SUMMARY OF THE INVENTION

[0008] The present invention is disclosing a method to melt the batch in the process of glass metal production for manual glass processing, which in a pot furnace creates a temperature profile forming a melting process resulting in a melted glass metal, which contains very high quality glass metal from the top to the bottom of the pot.

[0009] According to the present invention there is also provided a pot furnace, using electric or gas/oil heating, which is adopting the new temperature profile to obtain very high quality glass metal all the way to the bottom of the pot and which does not require mixing of the batch with cullets and in which the residue will amount to 2 % or less.

[0010] Additionally, in a pot furnace according to the present invention the temperature is redistributed within the furnace and accordingly around the pot in such a way that the melting of the batch proceeds in the pot essentially from below and from the sides, whereby the refining agent will be optimally utilized especially in the lower part of the melt, and the gas forming seeds will early escape from this part as the melting process essentially proceeds from the bottom and the lower parts of the side walls of the pot and upwards.

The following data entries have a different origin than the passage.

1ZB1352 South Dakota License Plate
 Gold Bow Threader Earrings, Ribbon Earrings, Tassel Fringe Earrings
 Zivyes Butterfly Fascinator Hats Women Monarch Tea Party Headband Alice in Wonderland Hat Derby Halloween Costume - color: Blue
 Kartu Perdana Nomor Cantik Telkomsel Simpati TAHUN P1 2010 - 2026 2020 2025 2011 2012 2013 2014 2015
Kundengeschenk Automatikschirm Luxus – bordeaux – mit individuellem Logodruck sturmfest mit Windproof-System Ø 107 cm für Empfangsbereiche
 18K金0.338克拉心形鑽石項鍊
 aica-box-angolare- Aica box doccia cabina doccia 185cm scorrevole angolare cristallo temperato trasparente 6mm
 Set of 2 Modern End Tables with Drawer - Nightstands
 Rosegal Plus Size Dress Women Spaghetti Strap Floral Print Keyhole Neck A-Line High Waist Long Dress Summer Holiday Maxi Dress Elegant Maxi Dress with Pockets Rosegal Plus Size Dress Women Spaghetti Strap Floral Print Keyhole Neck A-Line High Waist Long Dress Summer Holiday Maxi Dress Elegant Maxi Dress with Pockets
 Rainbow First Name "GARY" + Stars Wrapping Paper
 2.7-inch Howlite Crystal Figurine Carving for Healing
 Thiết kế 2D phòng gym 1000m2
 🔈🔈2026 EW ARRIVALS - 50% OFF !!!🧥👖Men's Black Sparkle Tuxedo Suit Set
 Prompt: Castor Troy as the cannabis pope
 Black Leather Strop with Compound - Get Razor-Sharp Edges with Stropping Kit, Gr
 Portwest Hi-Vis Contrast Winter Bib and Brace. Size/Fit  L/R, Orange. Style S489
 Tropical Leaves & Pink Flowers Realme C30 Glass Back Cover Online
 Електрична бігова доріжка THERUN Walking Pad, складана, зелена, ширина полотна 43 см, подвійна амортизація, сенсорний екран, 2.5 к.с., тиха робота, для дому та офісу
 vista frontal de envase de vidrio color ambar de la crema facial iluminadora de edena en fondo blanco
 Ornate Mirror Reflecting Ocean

[0011] By melting the batch in such a way, the gas achieved from the refining agent can more easily escape since it only has to move through a limited part of the melt and will then efficiently be vented through the still unmelted batch contrary to the commonly used procedure where the batch essentially melts from above and the produced gas in the form of seeds will have a progressively longer path for escaping from the melted glass metal resulting in the fact that a considerable part of such a melt will not produce an acceptable glass quality.

[0012] In an electric pot furnace, the new temperature profile is achieved partly by a matching design of the furnace chamber and with electric heaters arranged vertically aligned, i. e. in a circle around the pot without touching the pot or the sidewalls or bottom wall of the furnace chamber. The pot is for example placed on top of a number of supports having such a height over the bottom wall that direct radiation from the vertically aligned electric heaters extend below the bottom surface of the pot, and the radiation from those will principally access most of the bottom surface of the pot. The other part of this design uses cooling air for the terminal inlets of the electrical heaters and is adapted to be blown along the heaters, thereby reducing radiation and blowing convection air (heat) downwards in the furnace and depending on the somewhat stronger cooling of the upper portions of the heaters, additionally slightly lowering the electric resistance in that portion, will result in a slightly lower power and consequently lower temperature in the upper part of the furnace chamber. Correspondingly the lower portions of the electric heaters will have a slightly higher electric resistance and a corresponding higher temperature at a constant voltage over the electric heaters. The electric heaters are electrically controlled in a conventional fashion.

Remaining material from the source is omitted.